En una dictadura como la cubana no puede esperarse mucho de nuestra Iglesia hasta que todos los sacerdotes y obispos interioricen que son líderes de una porción del pueblo llamada a convertirse en un agente de cambio social y político, sin olvidar que el principal punto de giro está ubicado en nosotros mismos. Una fuerza que necesita de su valentía y ejemplo.
Pero en Cuba quien escoja el sendero de la lucha pacífica en defensa de los derechos humanos, la democracia y la libertad, también debe estar preparado para situaciones como la sufrida por la familia Miranda Leyva.
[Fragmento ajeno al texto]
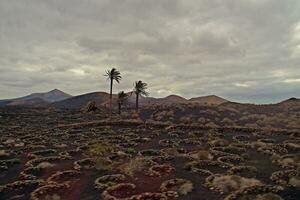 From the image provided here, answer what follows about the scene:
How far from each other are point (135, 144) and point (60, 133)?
17.3m

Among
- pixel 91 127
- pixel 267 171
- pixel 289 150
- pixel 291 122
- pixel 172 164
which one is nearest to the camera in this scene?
pixel 267 171

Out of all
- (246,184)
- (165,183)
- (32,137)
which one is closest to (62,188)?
(165,183)

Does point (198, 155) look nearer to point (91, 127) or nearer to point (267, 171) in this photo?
point (267, 171)

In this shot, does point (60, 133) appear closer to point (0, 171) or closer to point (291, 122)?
point (0, 171)

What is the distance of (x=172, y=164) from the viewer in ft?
110

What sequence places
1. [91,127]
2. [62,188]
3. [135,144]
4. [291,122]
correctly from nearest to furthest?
[62,188] < [135,144] < [91,127] < [291,122]

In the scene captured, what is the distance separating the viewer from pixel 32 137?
5391cm

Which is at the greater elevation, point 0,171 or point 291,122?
point 291,122

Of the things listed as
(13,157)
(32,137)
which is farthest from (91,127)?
(13,157)

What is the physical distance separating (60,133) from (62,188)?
3054 cm

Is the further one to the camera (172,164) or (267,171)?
(172,164)

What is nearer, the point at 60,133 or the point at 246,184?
the point at 246,184

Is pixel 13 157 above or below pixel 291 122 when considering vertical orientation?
below

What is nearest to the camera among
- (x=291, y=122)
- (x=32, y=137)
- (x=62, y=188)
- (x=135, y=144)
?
(x=62, y=188) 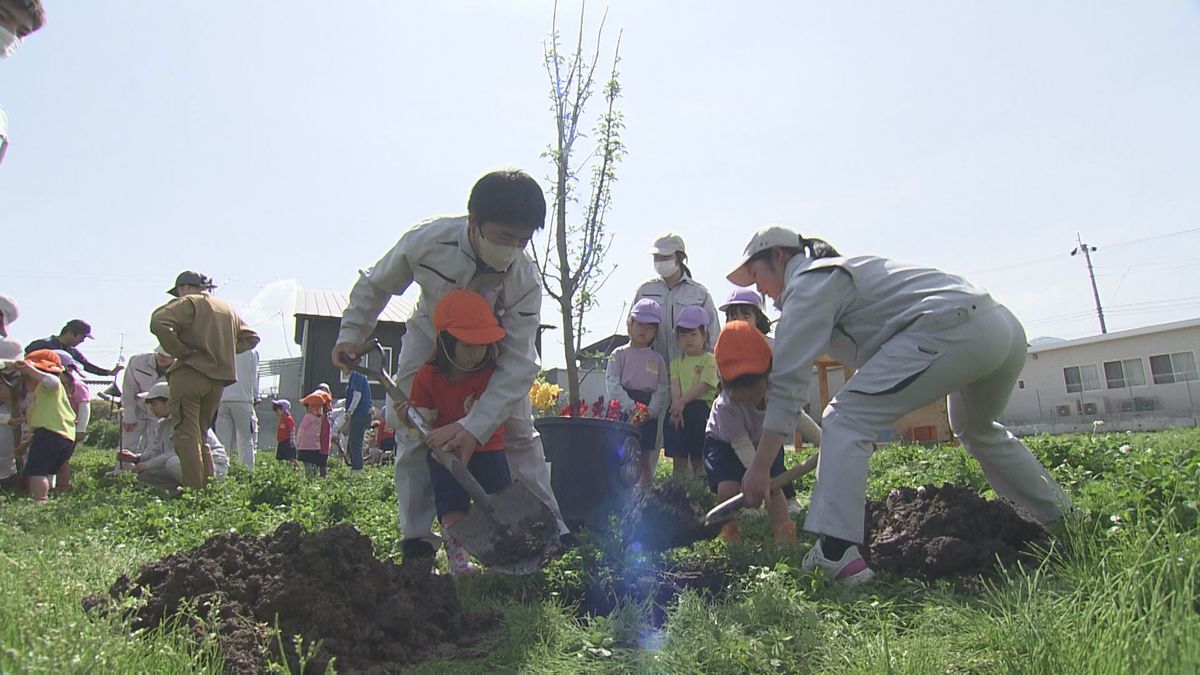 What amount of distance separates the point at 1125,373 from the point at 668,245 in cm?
2878

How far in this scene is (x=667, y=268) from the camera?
604 cm

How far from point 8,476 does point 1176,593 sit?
837 cm

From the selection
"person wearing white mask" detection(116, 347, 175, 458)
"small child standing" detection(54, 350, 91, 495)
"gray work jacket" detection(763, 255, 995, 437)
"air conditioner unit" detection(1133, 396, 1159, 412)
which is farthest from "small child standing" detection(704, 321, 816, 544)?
"air conditioner unit" detection(1133, 396, 1159, 412)

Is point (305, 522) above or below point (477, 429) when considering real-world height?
below

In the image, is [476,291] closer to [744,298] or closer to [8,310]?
[744,298]

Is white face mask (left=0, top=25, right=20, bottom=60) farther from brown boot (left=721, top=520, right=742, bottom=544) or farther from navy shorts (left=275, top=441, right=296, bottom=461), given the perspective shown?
navy shorts (left=275, top=441, right=296, bottom=461)

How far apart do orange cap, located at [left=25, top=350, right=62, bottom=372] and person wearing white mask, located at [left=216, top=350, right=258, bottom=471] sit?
2.21 meters

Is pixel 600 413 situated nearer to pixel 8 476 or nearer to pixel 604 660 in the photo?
pixel 604 660

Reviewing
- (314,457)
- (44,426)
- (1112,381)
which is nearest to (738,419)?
(44,426)

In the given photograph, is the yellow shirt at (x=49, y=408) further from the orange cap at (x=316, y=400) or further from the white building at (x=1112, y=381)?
the white building at (x=1112, y=381)

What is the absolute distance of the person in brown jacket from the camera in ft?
18.6

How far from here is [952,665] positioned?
70.0 inches

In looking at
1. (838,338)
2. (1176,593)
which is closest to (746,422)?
(838,338)

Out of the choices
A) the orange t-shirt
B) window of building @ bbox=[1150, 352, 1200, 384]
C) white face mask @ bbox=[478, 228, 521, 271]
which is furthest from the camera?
window of building @ bbox=[1150, 352, 1200, 384] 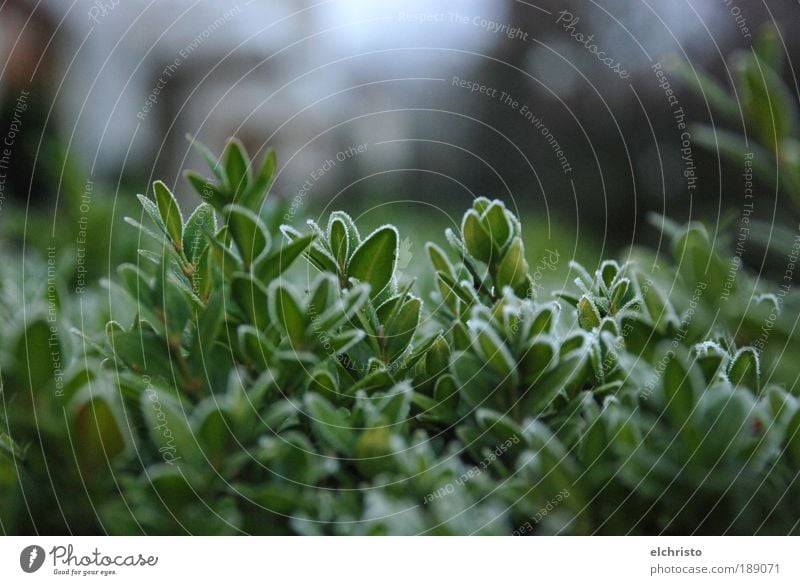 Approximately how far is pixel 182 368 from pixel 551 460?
8.5 inches

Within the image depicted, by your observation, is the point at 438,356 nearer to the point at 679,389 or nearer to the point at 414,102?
the point at 679,389

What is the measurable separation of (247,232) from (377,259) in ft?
0.28

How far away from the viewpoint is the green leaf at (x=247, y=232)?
1.39 feet

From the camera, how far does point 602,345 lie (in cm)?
48

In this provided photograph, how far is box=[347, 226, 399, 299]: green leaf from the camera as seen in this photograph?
46 centimetres

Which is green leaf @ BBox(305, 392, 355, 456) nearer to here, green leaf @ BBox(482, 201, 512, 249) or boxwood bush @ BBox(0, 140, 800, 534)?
boxwood bush @ BBox(0, 140, 800, 534)

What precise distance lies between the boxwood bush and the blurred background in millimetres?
766

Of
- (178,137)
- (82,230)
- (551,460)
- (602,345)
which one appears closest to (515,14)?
(178,137)

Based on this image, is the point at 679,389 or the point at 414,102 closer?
the point at 679,389

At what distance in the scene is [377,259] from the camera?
47cm

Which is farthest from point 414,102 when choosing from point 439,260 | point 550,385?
point 550,385

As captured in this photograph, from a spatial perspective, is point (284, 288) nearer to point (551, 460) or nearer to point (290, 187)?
point (551, 460)

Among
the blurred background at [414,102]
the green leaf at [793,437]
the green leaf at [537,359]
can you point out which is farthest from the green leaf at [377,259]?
the blurred background at [414,102]

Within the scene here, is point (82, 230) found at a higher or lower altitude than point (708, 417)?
higher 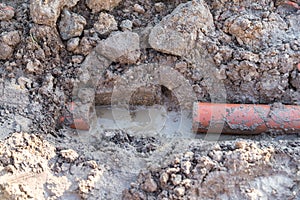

Si no lo está que ni se inicie en ella. Y si lo hace debe tener en cuenta las palabras que dirigió José Martí a Máximo Gómez cuando lo invitó a que participara en la Guerra Necesaria.
Cuba es hoy un hervidero de pasiones y las redes uno de sus reflejos. No permitamos que los improperios ni el odio que se propagan en ellas dañen el amor que debe existir entre nosotros. Esa es la cizaña que siembra cotidianamente la dictadura.